Something to take notice of here is the infinitesimal nature of the Poisson bracket. Generally, whenever one has a Lie algebra 𝔤, then it is to be regarded as the infinitesimal approximation to a globally defined object, the corresponding Lie group (or generally smooth group) G. One also says that G is a Lie integration of 𝔤 and that 𝔤 is the Lie differentiation of G.
Therefore a natural question to ask is: Since the observables in classical mechanics form a Lie algebra under Poisson bracket, what then is the corresponding Lie group?
The answer to this is of course “well known” in the literature, in the sense that there are relevant monographs which state the answer. But, maybe surprisingly, the answer to this question is not (at time of this writing) a widely advertized fact that has found its way into the basic educational textbooks. The answer is that this Lie group which integrates the Poisson bracket is the “quantomorphism group”, an object that seamlessly leads to the quantum mechanics of the system.
Before we spell this out in more detail, we need a brief technical aside: of course Lie integration is not quite unique. There may be different global Lie group objects with the same Lie algebra.

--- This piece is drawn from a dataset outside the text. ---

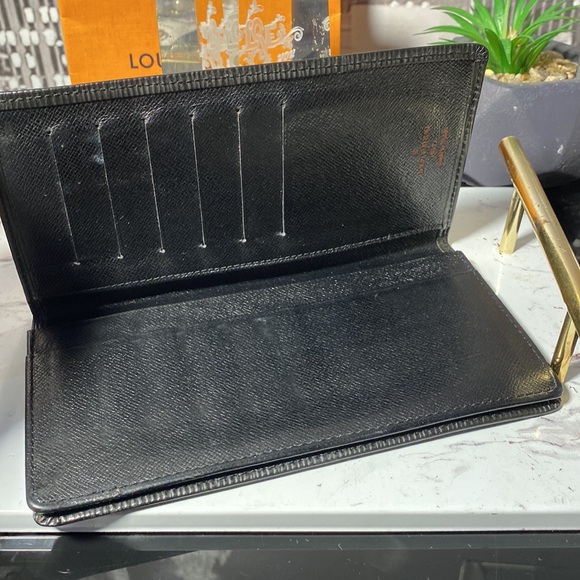 SOLDAuthentic Louis Vuitton Epi Checkbook Holder - Picture 12 of 14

The simplest example of this is already one of central importance for the issue of quantization, namely, the Lie integration of the abelian line Lie algebra ℝ. This has essentially two different Lie groups associated with it: the simply connected translation group, which is just ℝ itself again, equipped with its canonical additive abelian group structure, and the discrete quotient of this by the group of integers, which is the circle group U(1)=ℝ/ℤ. Notice that it is the discrete and hence “quantized” nature of the integers that makes the real line become a circle here. This is not entirely a coincidence of terminology, but can be traced back to the heart of what is “quantized” about quantum mechanics.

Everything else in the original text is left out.